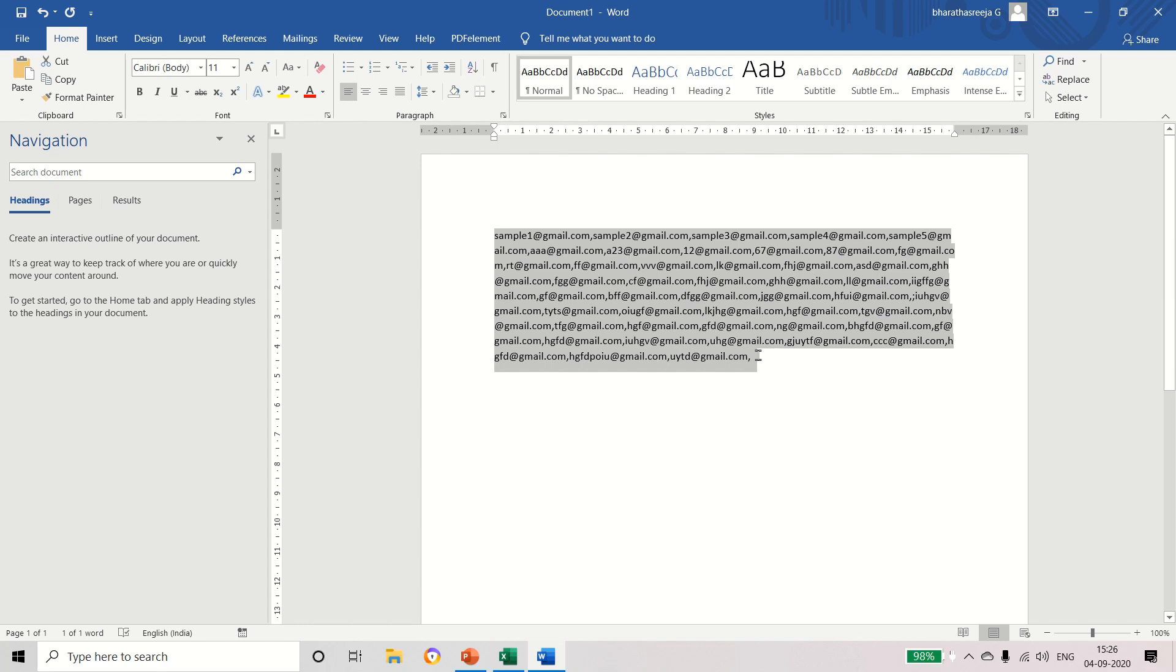So I hope that this session is useful. You can understand the concept for how to convert the Excel column into comma separated list or hash separated list. Thank you for watching this video.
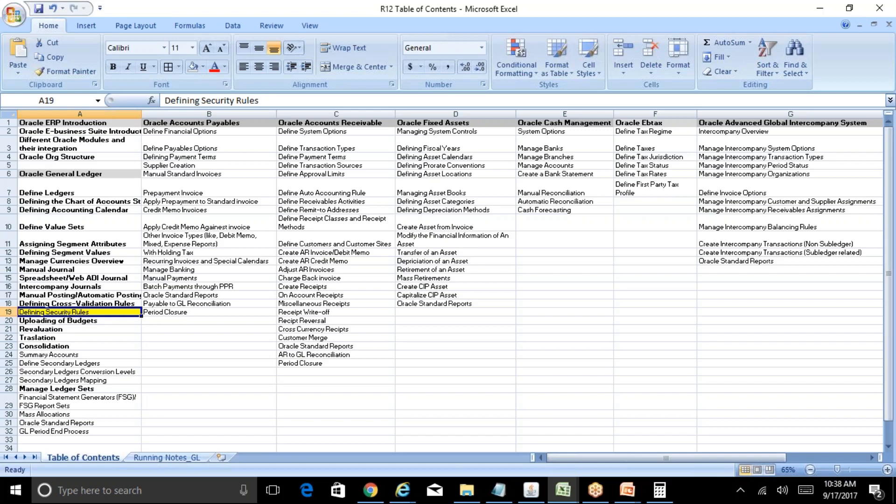We do not put any security rule on the super user responsibility. The super user is assigned to a director or assistant director level — they can do data entry using accounts like the cumulative translation adjustment account and share capital account. But the same access is not available for other users with other responsibilities. This is how you restrict the use of a segment value at a responsibility level through security rules.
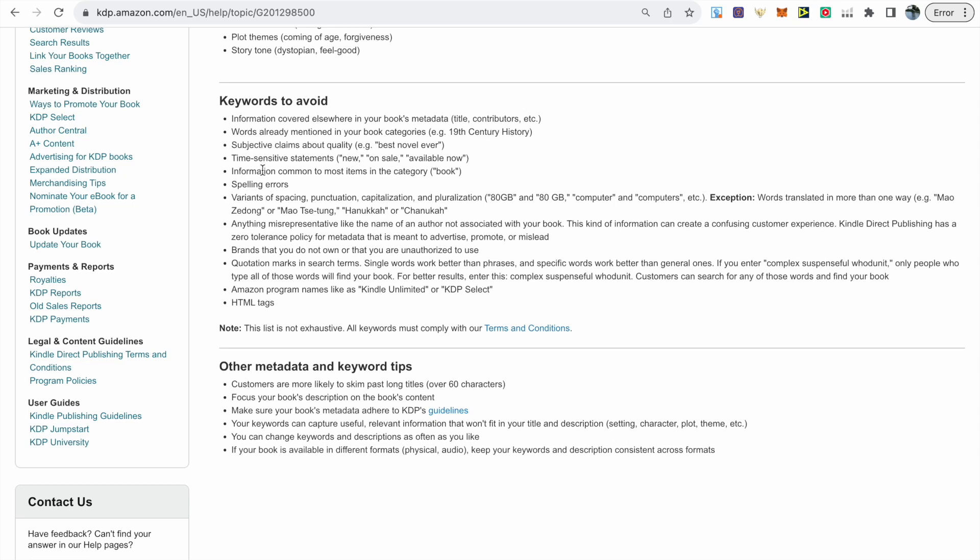Next we have information common to most items in the category and then we have the word book which I have used before so it's something that I need to change going forward. Then we have spelling errors, variance of spacing, punctuation, capitalization and pluralization.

• **EXERCISE DETAILS**:
Using the material above, return every line exactly as it appears, minus the pictures.

• **SOLUTION FOR THIS PROBLEM**:
So I hope that this session is useful. You can understand the concept for how to convert the Excel column into comma separated list or hash separated list. Thank you for watching this video.
We do not put any security rule on the super user responsibility. The super user is assigned to a director or assistant director level — they can do data entry using accounts like the cumulative translation adjustment account and share capital account. But the same access is not available for other users with other responsibilities. This is how you restrict the use of a segment value at a responsibility level through security rules.
Next we have information common to most items in the category and then we have the word book which I have used before so it's something that I need to change going forward. Then we have spelling errors, variance of spacing, punctuation, capitalization and pluralization.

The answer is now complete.